At 5 p.m. Saturday, volunteers will start lowering candles into 31 ice columns arrayed in a semi-circle on Lake of the Isles in Minneapolis and lighting 120 luminaries on a 9-foot pyramid. Ninety minutes later, these light sculptures and 600-plus ice candles lining the route will greet 900 cross-country skiers of the city of Lakes Luminary Loppet as they enter the lake from the Kenilworth Lagoon.

The pyramid and the “Ice-cropolis” are the brainchild of engineer Hal Galvin and architect David Bryan, whose Kenwood homes are near the lake. Inspired by a luminary-lit ski race on Lake Superior called Book Across the Bay, they have organized the pouring and placement of the 700 ice luminaries that have lined the nighttime loppet route. This year, the two felt more ambitious and cooked up a way to embed the 31 ice columns, ranging in height from 2½ feet to 8 feet, safely in the ice and keep them solid until they are lit.

“As far as we know, no one has ever done this before,” Galvin said.

With the help of computer-aided design, the two figured out how to arrange the columns so they would be aesthetically pleasing. (For fellow geeks, the arrangement is based on the mathematical formula of the Fibonacci code.) The 100-foot-wide semi-circle tucked nicely into the lake’s West Bay but they discovered they had to work around another winter sculpture — the Loch Ness snow monster that mysteriously appears every year on this part of the lake.

Other challenges included figuring out:

* What to use to encase the candles. Solution: heavy-duty tubes used for pouring concrete forms, donated by Brock-White.

* How to keep the sun from melting the south side of the candles through the dark-colored tubes. (Cover that side with white plastic.)

* How to get a hole in the middle of the ice for the candles. (Drill out the middle after the ice froze.)

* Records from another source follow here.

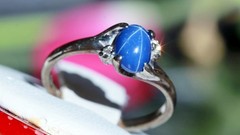 10k w/gold sz 5 ring 1.00ct lab created blue star sapphire diamond 1.72gr N3505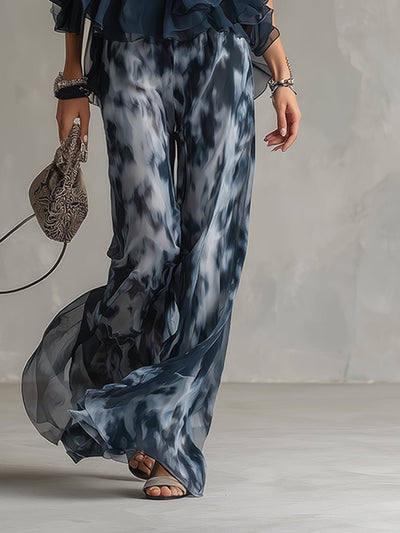 Annika | Dames tweedelige set met halternek en wijde broek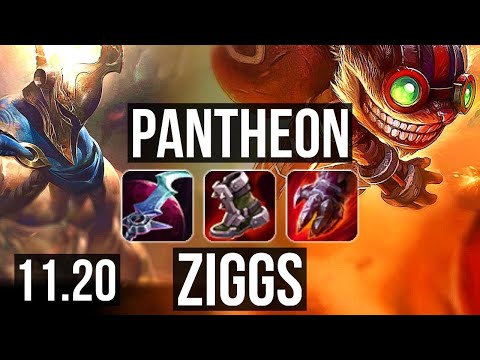 PANTHEON vs ZIGGS (MID) | 6/1/6, 800+ games, 1.1M mastery | NA Grandmaster | v11.20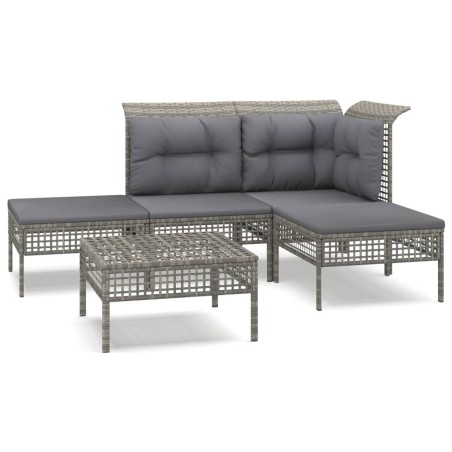 vidaXL Set Divani da Giardino 5 pz con Cuscini in Polyrattan Grigio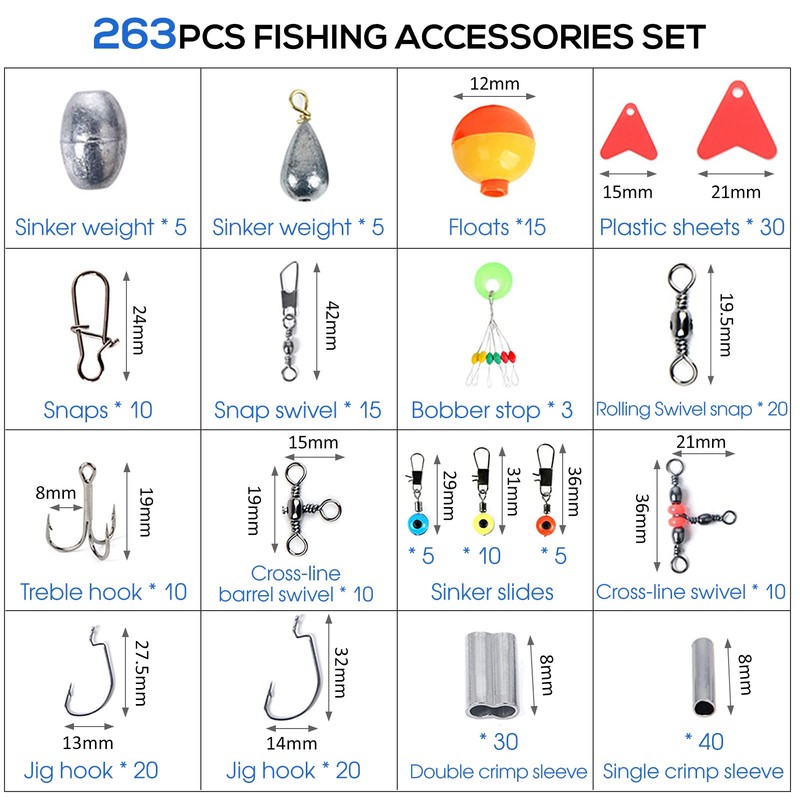 Mingzhe 263pcs Fishing Accessories Set with Tackle Box Including Plier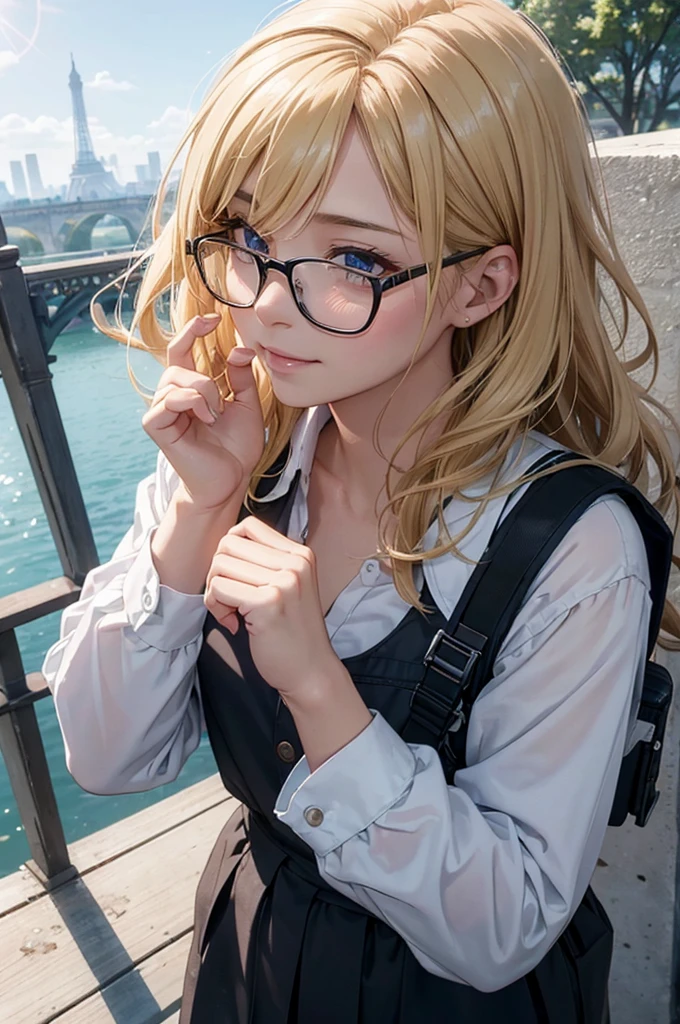 最high quality, high quality, High resolution, high quality texture, high quality shadows, High resolution, Beautiful details, Detailed CG, Detailed Texture, Realistic representation of face, Realistic, colorful, delicate, Cinematic Light, Side light, Lens flare, Ray Tracing, sharp concentrated, (1 Girl,concentrated:1.3), ( Intricate details, compensate, PureErosFaceV1:0.5), (細部まで美しいdelicateな顔, 緻密で美しいdelicateな瞳, Perfect Facial Proportions, Dense skin, Optimal ratio of four fingers to one thumb, Modest chest, Beautiful Hips, Smooth upper abdomen, blue eyes , glasses ,White shirt, mountaineering pants ,trekking shoes, work cap, paris, Seine river, buzzer, blue sky,trekking backpack ,adventure journey ,the gaze of true love, lips of temptation, A look full of compassion ,a smile full of love, i love you, Acting lovey-dovey, waist up, 35 years old, hiking,house wife,air fortress hair, blonde hair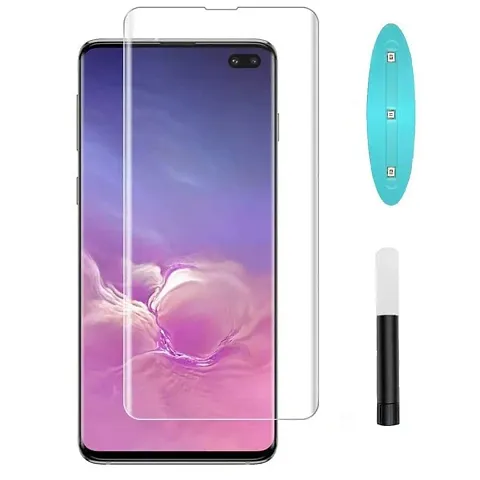 pehael S10 Plus [Liquid Dispersion Tech] 5D Tempered Glass with UV Light Curved Case Friendly Tempered Glass Screen Protector for Samsung Galaxy S10 Plus - By Blackwik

* How to make sure the heavy columns didn’t tip over. (Embed them in 6-inch-deep grooves made with a special bit from a Canadian ice sculpture supplier).

* How to reinforce the tubes for the taller and heavier columns. (Duct tape, of course.)

* How to protect the tops from possible rain and too-much sunlight. (Cover them with plastic.)

“Yes, you have to be geeky to do this,” Galvin admitted.

Galvin and Bryan didn’t keep track of how much time they’ve spent plotting and testing out their ideas. But they are pleased that the number of skiers for the Luminary Loppet has soared from 200 to 900. (The more ambitious 33-K race is Sunday morning.)

“It didn’t really matter how much time it took,” Galvin said. “The whole lake will be lit up.”

IF YOU GO
Luminaries and the ice columns will be lit starting at 5 p.m. Saturday on Lake of the Isles. The Luminary Loppet begins at 7 p.m. The candles are expected to burn until 10 p.m.